Daphne and Amalia
After Thanksgiving expired I spent the following morning at a café with Daphne and Amalia Zepos, the two sisters behind our exclusive Kokoraki olive oil from the island of Zakynthos, Greece. Amalia was in from Athens, visiting Daphne in Brooklyn for Thanksgiving.
It'd been two weeks since the olive harvest finished. Amalia shared details. All the olives were picked and pressed from October 27 to November 13. It's a blend of one part dopia (Greek for "local") and five parts Koroneiki olives. Yields were slightly lower than last year, which to her is a good sign for the flavor. She brought a bottle, the color was electric. She says that's typical for oil from Zakynthos. A minty phosphorescent green that surprises people from elsewhere in Greece, where oil is almost always yellow.
It's the first time I met Amalia. She is poised, calm, relentlessly precise. She's new to oil making, having taken a seminar with author Judy Ridgway last year and learning otherwise by trial and error and constant discussion with the farmers. She keeps a notebook with each day's pressing notes. Kilos picked, olive oil pressed, rain or sun, temperature, and so on.

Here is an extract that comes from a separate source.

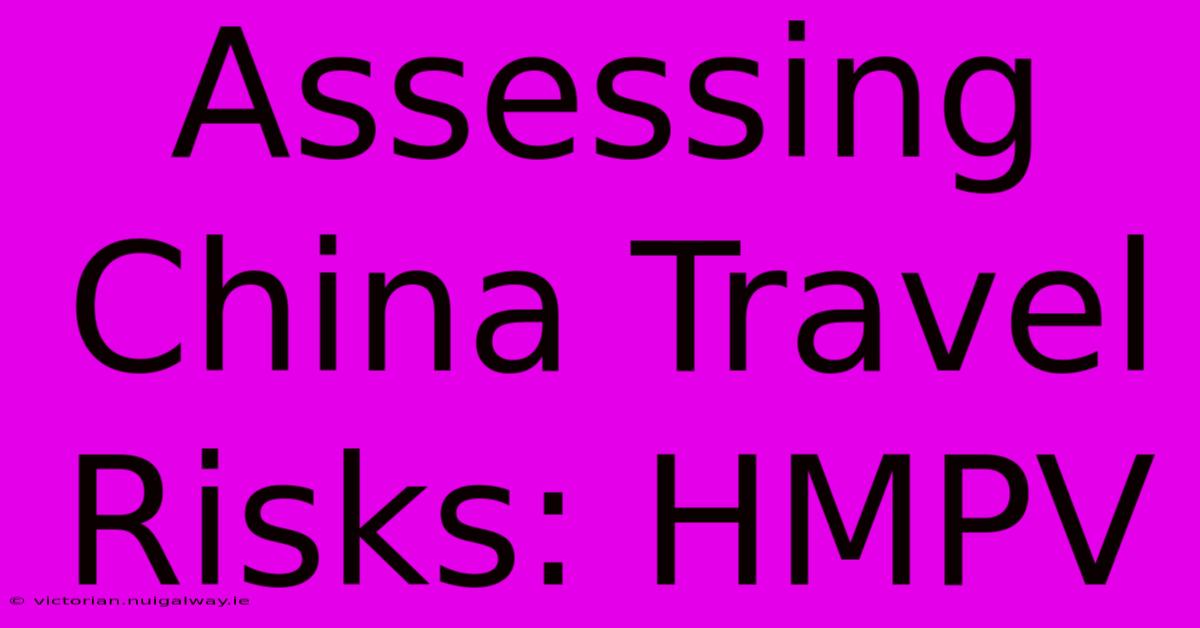 Assessing China Travel Risks: HMPV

This year she sourced a special filter tray from Crete to remove stems and leaves on the farm because the machine at the olive press doesn't work well enough for her standards. She's adamant about pressing without the addition of heat (cold pressed) so she waits at the local olive press until all the other farmers are finished and the press is washed and cooled. That often means pressing at 2 in the morning, by moonlight.
If pressing olive oil by moonlight sounds enchanting it's worth noting that it's just the latest chapter in the romantic history of this particular olive grove. Amalia holds a letter that details the ownership of the small farm since 1820. At that point it was bequeathed as a marriage dowry. Even then it was considered valuable, worth enough to win a lifetime commitment between two lovers. Many of the two hundred eight trees are from that period — or older. The newlywed family of two centuries ago would have had oil that's very similar to what we have today. Since then the grove has had four owners, the last being the family of Amalia's husband.
We currently offer 2008's harvest, the first bottled for sale outside Greece. It's a rare example of an estate bottled Greek olive oil. (Almost all Greek oil is made for personal consumption or sold to co-ops and blended.) The flavor is vibrant and bright, like the color. The 2009 harvest will be with us in late spring. The flavor now, intense and green since it was just pressed, promises to be delicious. Both harvests are certified organic.